Gender-based Violence and Climate Change

Across the globe, research shows the impacts of climate change can increase the risk of violence against women

There is a body of research that clearly illustrates the intersection between climate change, livelihoods, and gender-based violence.

Climate change and gender. What’s the relation?

The impacts of climate change are already being experienced by each person around the world. The experience of hardships such as lower earnings and food insecurity varies, like most things, for different gender groups.

The effects of climate change can create circumstances where inequalities associated with socially constructed gender roles can be made worse. This is a wide and complex topic - this short article will focus on research illustrating how the impacts of climate change specifically can exacerbate the risk of violence against women.

Violence against women and long-term effects of climate change

Changing weather patterns, heavier rainfalls, prolonged droughts, higher temperatures, increased crop failure, livestock loss and increasing food insecurity can be particularly strenuous for rural agricultural communities across the world.

Research by the United Nations Development Program conducted a study on two rural communities in Uganda in 2019 that had been affected by climate change. In terms of increase violence against women, the following was found.

  • In periods of prolonged drought, there is increased vulnerability as women and young women make more frequent and longer journeys to obtain food or water.

  • Young women who spend more time fetching water have fewer days in school and may even drop out.

  • Families may marry off their daughters to better cope with food scarcity.

  • For families with men as sole providers, men may leave home to seek a living elsewhere, leaving women and children to fend for themselves, increasing their vulnerability to exploitation.


  • Poor harvests, livestock loss, and impacts on livelihoods puts pressure on men’s traditional role as providers.

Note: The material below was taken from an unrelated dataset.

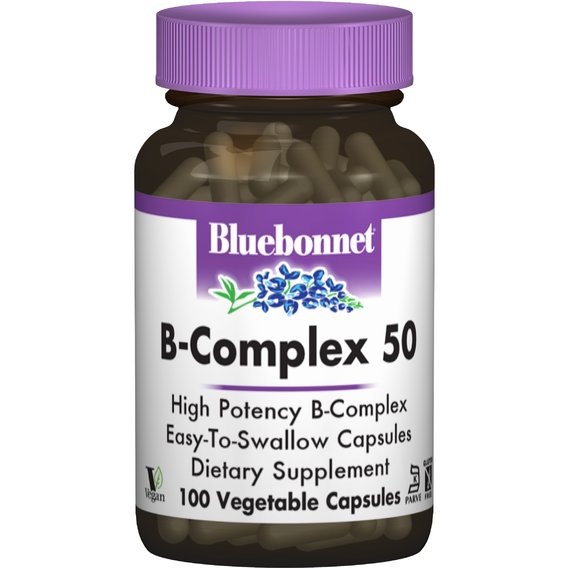 В комплекс Bluebonnet Nutrition B-Complex 50 100 Veg Caps BLB0412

This can give rise to mental health issues, increase instances of alcohol abuse, and the assertion of masculinity through violence.

Violence against women after extreme weather events

Extreme weather events often mean people must evacuate their home areas, sometimes for long periods of time. However, decision-making regarding when and where to evacuate sometimes excludes women, with a direct bearing on women’s safety during and after a disaster. Often shelters may lack facilities for women and/or place them at risk for assault. Instances where violence against women has been recorded to increase after extreme weather events in Bangladesh[1] and Vietnam[2].

In the Global North research is also showing increases in gender-based violence after disasters. For example, a study examining domestic violence after Hurricane Katrina in the US, found psychological abuse of women increased by 35%, and 17% for men in the six months after the storm. Physical abuse of women increased by 98% in the same period[3]. Studies have shown similar instances after floods in the US[4] and New Zealand[5], and after bushfires in Australia (which linked the increase in violence to the burdens placed on men by traditional masculinities in the face of loss of livelihoods)[6].

What can be done?

  • Gender equality, especially in leadership roles, needs to become more mainstream in international climate institutions, including big banks in charge of climate finance.
  • Further research is needed to highlight areas where policies are failing to provide personal safety for women.
  • Engagement with men and women in communities to; increase understanding of gender-based violence and alternatives to it in relationships, build gender-equitable attitudes, practices, and norms, and dismantle harmful masculinities and gender norms.
  • Provide care for GBV survivors.

Two pieces of research this article utilised, and we recommend reading for further detail and analysis.

1: Alston M (2015) Women and Climate Change in Bangladesh (Routledge, New York), and Nasreen M (2008) Violence against women during flood and post-flood situations in Bangladesh (ActionAid Bangladesh, Dhaka).
2: United Nations, Oxfam International (2009) Responding to climate change in Viet Nam: opportunities for improving gender equality.
3: Schumacher JA, et al. (2010) Intimate partner violence and Hurricane Katrina: predictors and associated mental health outcomes. Violence Vict 25(5):588–603.
4: Fothergill A (2008) Domestic violence after disaster: voices from the 1997 Grand Forks Flood. Women and Disasters: From Theory to Practice, eds Phillips BD, Morrow BH (International Research Committee on Disasters, 131-154).
5: Houghton R (2009) “Everything became a struggle, absolute struggle”: post-flood increases in domestic violence in New Zealand. Women, Gender and Disaster: Global Issues and Initiatives (SAGE Publications, New Delhi), pp 99–111.
6: Carrington K, McIntosh A, Hogg R, Scott J (2013) Rural masculinities and the internalisation of violence in agricultural communities. Int J Rural Criminol 2(1):3–24, and, Whittenbury K (2013) Climate change, women’s health, wellbeing and experiences of gender based violence in Australia. Research, Action and Policy: Addressing the Gendered Impacts of Climate Change, eds Alston M, Whittenbury K (Springer, New York), pp 207–221.